Let $s\in S\cap(0,+\infty)$ and let $n=\lfloor s/\alpha\rfloor$ be the largest integer which is less than $s/\alpha$. Then $n\alpha\leq s<(n+1)\alpha$, so that $0\leq s-n\alpha <\alpha$. This tells us that $s-n\alpha$, which is an element of $S$, is in $[0,\alpha)$. The choice of $\alpha$ implies that we must then have $s-n\alpha=0$, that is, $s=n\alpha$. We conclude that every positive element of $S$ is an integer multiple of $\alpha$.
In particular, since $1\in S$ and $\sqrt2\in S$, there exists integers $n$ and $m$ such that $1=n\alpha$ and $\sqrt2=m\alpha$. But then $\sqrt2=\frac{\sqrt2}{1}=\frac{m\alpha}{n\alpha}=\frac mn\in\mathbb Q.$ This is absurd, and we can thus conclude that $(\star)$ is an untenable hypothesis.

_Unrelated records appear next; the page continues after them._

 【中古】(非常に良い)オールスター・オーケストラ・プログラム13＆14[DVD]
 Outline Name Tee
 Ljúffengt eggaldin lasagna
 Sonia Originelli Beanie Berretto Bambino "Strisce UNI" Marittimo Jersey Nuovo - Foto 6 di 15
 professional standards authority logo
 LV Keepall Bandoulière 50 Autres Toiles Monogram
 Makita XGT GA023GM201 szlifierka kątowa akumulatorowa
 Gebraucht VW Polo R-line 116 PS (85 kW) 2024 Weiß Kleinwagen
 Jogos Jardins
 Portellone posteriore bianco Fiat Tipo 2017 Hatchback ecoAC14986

Taking a step into generalization, it is true that every additive subgroup $G$ of $\mathbb R$ is either discrete or dense. This can be proved by considering $\alpha = \inf \{ x \in G : x>0 \}$. Then $G$ is discrete iff $\alpha >0$, in which case $G=\alpha \mathbb Z$. In your case, Jyrki's suggestion implies that $\alpha=0$ and so $S$ is dense.
Let$\epsilon>0$,Let $x\in\mathbb{R}$ $x-m-\epsilon<x-m+\epsilon$ between any two reals there are infinitely many rationals. $\frac{x-m-\epsilon}{\sqrt{2}|q|}<\frac{p}{q}<\frac{x-m+\epsilon}{\sqrt{2}|q|}$ therefore $$(x-\epsilon,x+\epsilon)$$ contains the member of the given set.
we know: $\sqrt{2}-1<1 $ so $ (\sqrt{2}-1)^n \rightarrow 0$ so for any $\epsilon > 0$ there exist $N$ such that $n\geq N \Rightarrow (\sqrt{2}-1)^n < \epsilon$
so: $(\sqrt{2}-1)^N < \epsilon$, but we know: \begin{align} (\sqrt{2}-1)^N = \sum_{i=0}^N{2^{i/2}(-1)^{N-i}} = \sum_{i \text{ Odd}} + \sum_{i \text{ Even}} {2^{i/2}(-1)^{N-i}} \end{align} but for Even i's above sum is an integer and for Odd i's is equal to $m\sqrt{2}$ for some integer $m$, so: $(\sqrt{2}-1)^N = n+m\sqrt{2}$ for some integer's $m,n$, but $0<(\sqrt{2}-1)^N < \epsilon$
so for any $\epsilon > 0$, exist $s\in S , s=m+n\sqrt{2}$ such that $s \in (0,\epsilon)$ as desired.